→ Activity
Below, find the line containing "Masada kasede domuz eti kesme."; from there to the final line, print every line exactly and skip the pictures.
══ Source material
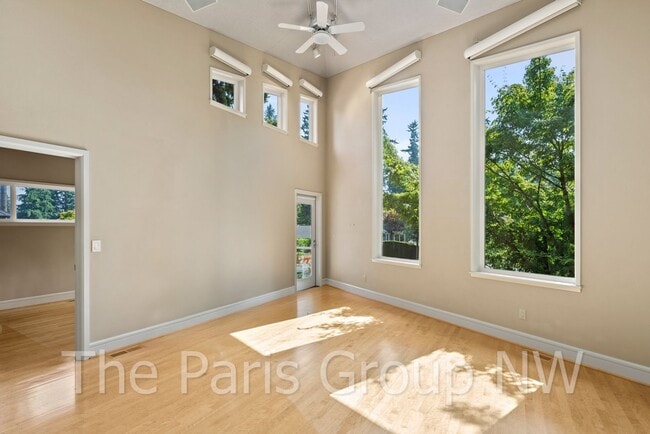 Building Photo - Extraordinary Custom Enatai Home *4min to DT Bellevue *High End Finishes * Central AC *EV Charger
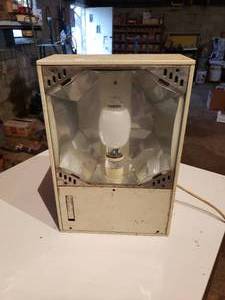 lot 450 image: light for reading X rays (verry bright)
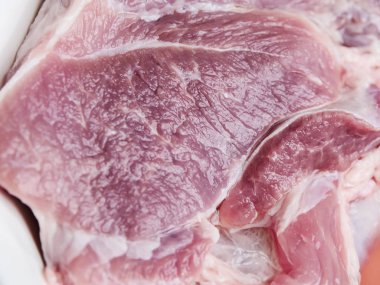 Masada kasede domuz eti kesme.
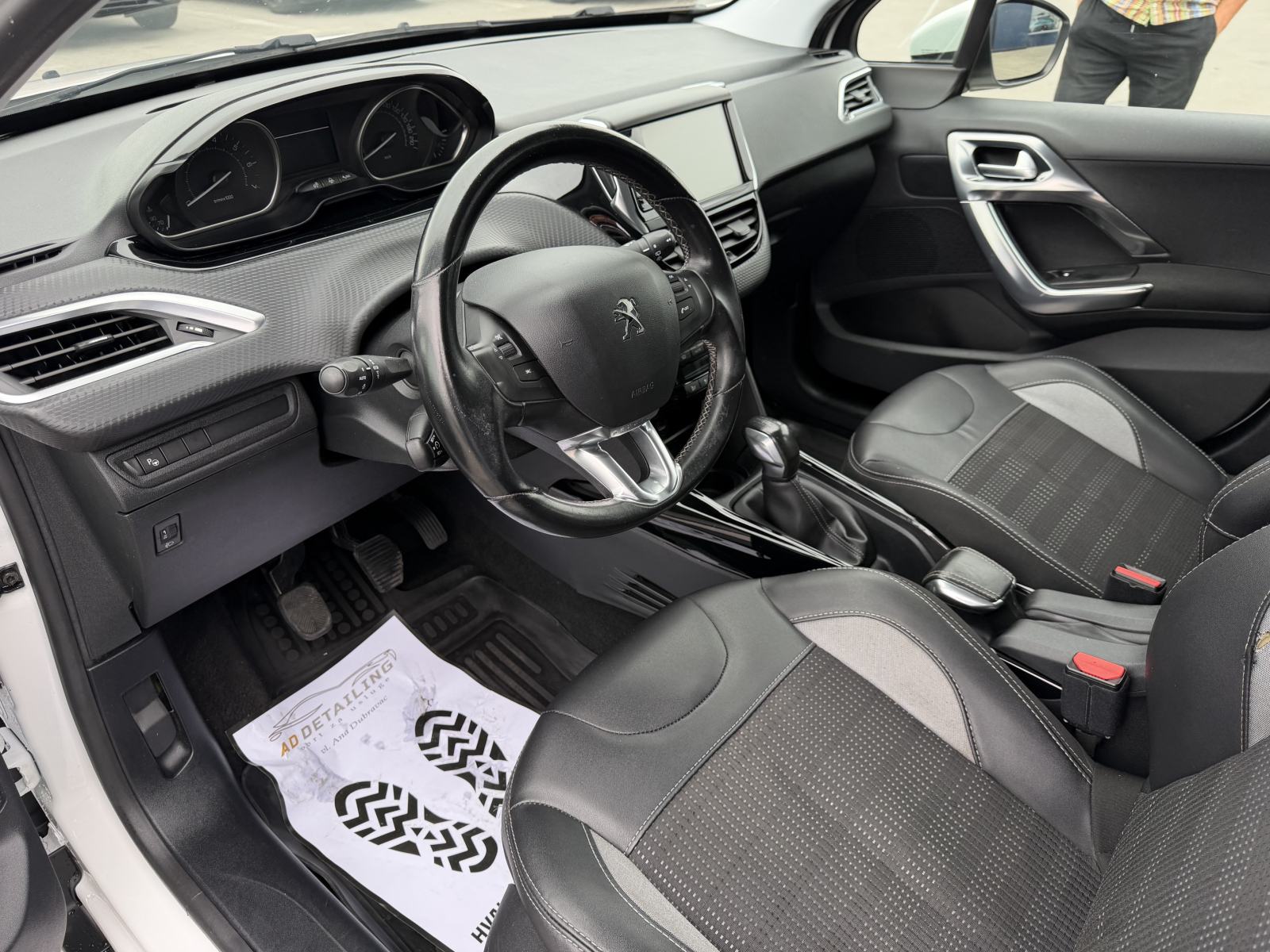 Peugeot 2008 1,2 ALLURE, 107000 KM, 12 MJ JAMSTVO, ISPORUKA ODMAH, fotografija 11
════
→ Solution to the problem
 Masada kasede domuz eti kesme.
 Peugeot 2008 1,2 ALLURE, 107000 KM, 12 MJ JAMSTVO, ISPORUKA ODMAH, fotografija 11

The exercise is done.